It was evening of (our) Sunday, and (our) Monday had not yet begun because the sun had not set, plus an hour. In this context, the Jews were the Jewish authorities who undoubtedly had sympathetic townspeople to act as lookouts. Times were tense.
Jesus spoke peace into his disciples’ lives and souls twice already (14:27 [twice] and 16:27). Now, he saw their fear, so he spoke it again, and will do so twice more (v. 21, 26).
“Klink calls this meeting the first “meeting of the church” (comment on v. 19). I prefer to think that the church was born at Pentecost in Acts 2, but maybe the Johannine Pentecost here is the first one (“Johannine” is an adjective for “John”).
Jesus is bequeathing his disciples his peace. Morris rightly reminds us that the peace which Jesus bequeaths and gives is “the natural result of the presence within people of the Holy Spirit of whom Jesus has been speaking” (comment on 14:27). So Jesus’s peace does not come by sheer willpower, but by the Spirit, which is one of the fruit of the Spirit (Gal. 5:22).
Let’s explore more generally the peace that God brings.
It speaks of more than just the absence of war. It can mean prosperity and wellbeing. It can mean peace in your heart and peace with your neighbor. Best of all, it means peace with God, because he reconciled us to him.

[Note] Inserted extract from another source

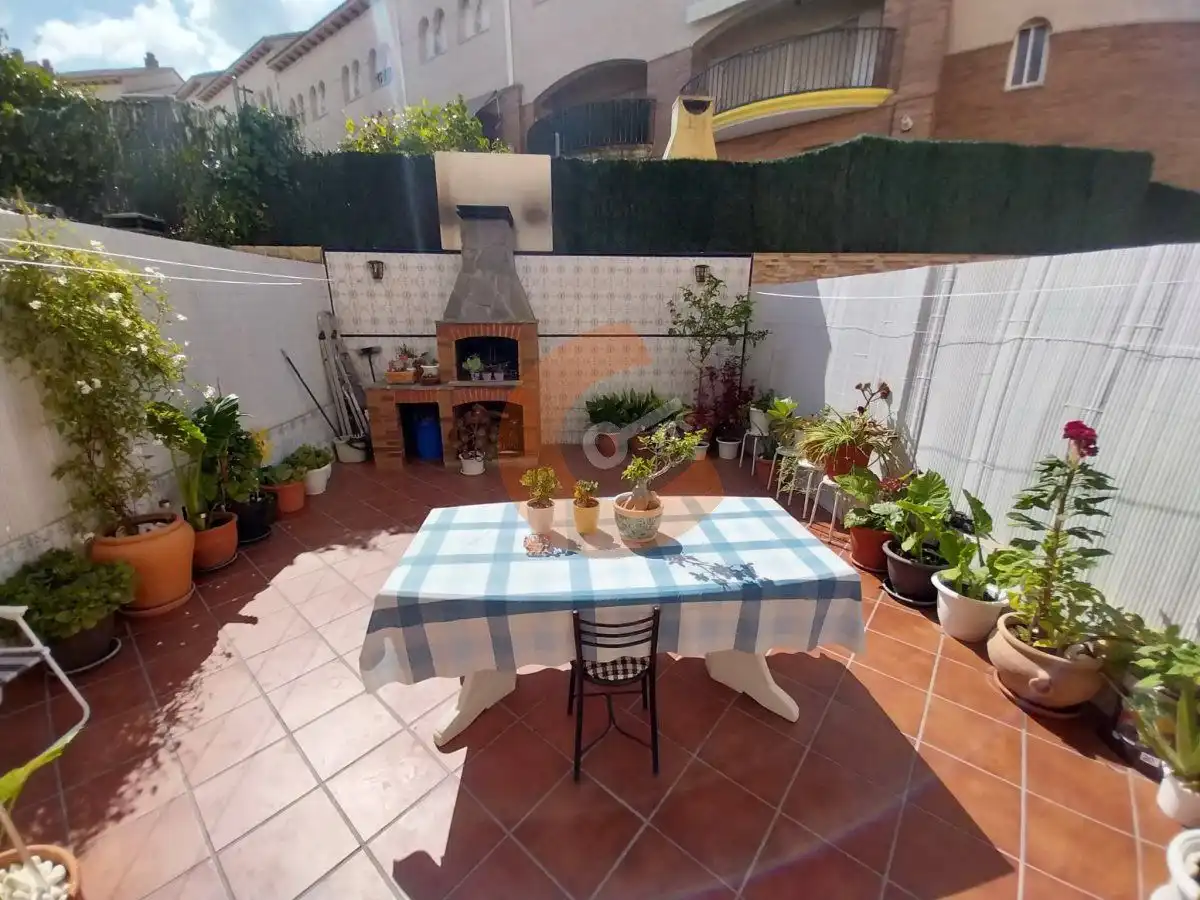 Casa con terraza en venta en Garona, imagen 4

This word in Hebrew is shalom and means wellbeing, both in the soul and in circumstances, and it means, yes, prosperity, because the farm in an agricultural society would experience wellbeing and harmony and growth. The crops would not fail and the livestock would reproduce. Society and the individual would live in peace and contentment and harmony. Deut. 28:1-14 describes the blessings for obedience, a man and his family and business enjoying divine goodness and benefits and material benefits. Peace is a major reality of the messianic kingdom anticipated in the OT (Num. 6:26; Ps. 29:11; Is. 9:6-7; 52:7; 54:13; 57:19; Ezek. 37:26; Hg. 2:9) and partly fulfilled or alluded to in the NT (Acts 10:36; Rom. 1:7; 5:1; 14:17).
With that background, let’s explore the Greek word, which overlaps with shalom. It is the noun eirēnē (pronounced ay-ray-nay, used 92 times, and we get the name Irene from it). One specialist defines it: “Peace is a state of being that lacks nothing and has no fear of being troubled in its tranquility; it is euphoria coupled with security. … This peace is God’s favor bestowed on his people.” (Mounce, p. 503).
BDAG has this definition for the noun: (2) It is “a state of well-being, peace.” Through salvation we have peace with God (Rom. 5:1). We have peace that has been brought through Christ (Col. 3:15). We are to run towards the goal of peace (2 Pet. 3:14; Rom. 8:6). It is the essential characteristic of the Messianic Age (Acts 10:36; Rom. 10:15). An angel greeted and promised the shepherds peace on earth for those in whom God is well pleased, at the birth of the Messiah (Luke 2:29).
This verse reminds me of these two verses in the Epistle to the Philippians.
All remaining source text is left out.